= Thomas Heywood (antiquarian) =

English antiquarian (1797–1866)

Thomas Heywood (1797–1866) was an English antiquarian. He was closely involved in the Chetham Society and its publications.

==Early life==
The son of Nathaniel Heywood (died 1815) of Heywood's Bank and his wife Anne Percival, daughter of Thomas Percival, and younger brother of Benjamin Heywood, he was born in Manchester on 3 September 1797; James Heywood was his younger brother. He was educated at Manchester Grammar School. He graduated B.A. from Glasgow University in 1815.

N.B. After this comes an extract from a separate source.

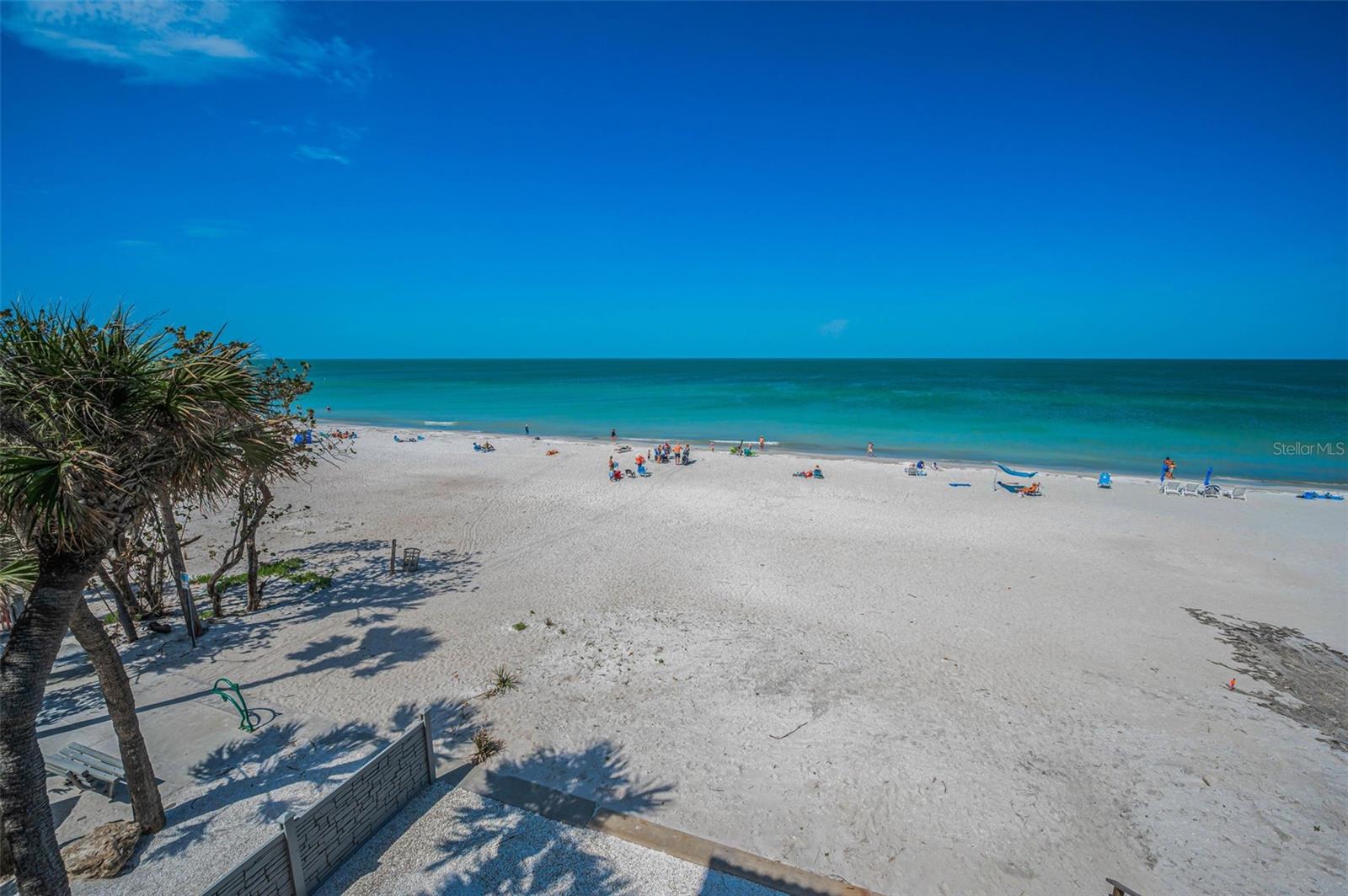 BEACH TRAIL VILLAS A CONDO - Residential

Heywood was from 1818 a partner in Heywood's Bank, called the Manchester Bank and, from 1795, Heywood Brothers & Co., with his father's surviving brother Benjamin Arthur Heywood (died 1828), Benjamin, and (from 1820) Richard Heywood, another brother. He served the office of boroughreeve of Salford in 1826. In 1828 Thomas and Richard Heywood left the family business, which was carried on by Benjamin.

==At Hope End==

Thomas Heywood purchased Hope End, a mansion in Herefordshire, near Ledbury. It was sold in 1832 by Edward Moulton-Barrett, father of Elizabeth Barrett Browning who had lived there as a child; the sale was by auction on 25 August. Heywood went there to live, and was high sheriff of Herefordshire in 1840.

Heywood died at Hope End on 20 November 1866. Before leaving Manchester Heywood collected a library of local books, which was dispersed in a sale in 1835. His general library was sold at Manchester in 1868. The house at Hope End was sold in 1867 to C. A. Hewitt. It was demolished in the 1870s; its stable block eventually became a hotel.

==Works==
Heywood was an early member of the council of the Chetham Society, and edited the following of its publications:

- The Norris Papers, 1846.
- The Moore Rental, 1847. This work relates to the rented property of the Moore family of Liverpool, and was compiled by Edward Moore, son of John Moore the regicide.
- The Diary of the Rev. Henry Newcome, 1849.
- Cardinal Allen's Defence of Sir William Stanley's Surrender of Deventer, 1851.
- On the South Lancashire Dialect, 1862.
- Letter from Sir John Seton, dated 1643, 1862.

For the Historic Society of Lancashire and Cheshire he wrote a notice of the family of Percival of Allerton, Lancashire (Trans. vol. i.), and a description of an old Chester document (vol. v.).

In 1826 Heywood printed a pamphlet on The Earls of Derby and the Verse Writers of the Sixteenth and Seventeenth Centuries, Manchester; it was reprinted in 1853 by the Chetham Society. In 1829 he annotated and printed The most Pleasant Song of Lady Bessy, the eldest Daughter of King Edward the Fourth.

==Family==
Heywood married in 1823 Mary Elizabeth, daughter of the merchant John Barton (1770–1831) of Swinton, Lancashire, owner of Saxby Hall. Mary Elizabeth Sumner, founder of the Mothers' Union was their daughter. She married George Henry Sumner. They had another daughter, Margaret, who married her first cousin Sir Thomas Percival Heywood, 2nd Baronet, and a son Thomas (1826–1915), whose first wife was Mary Emily Beresford, daughter of Marcus Beresford. Margaret became a Catholic convert.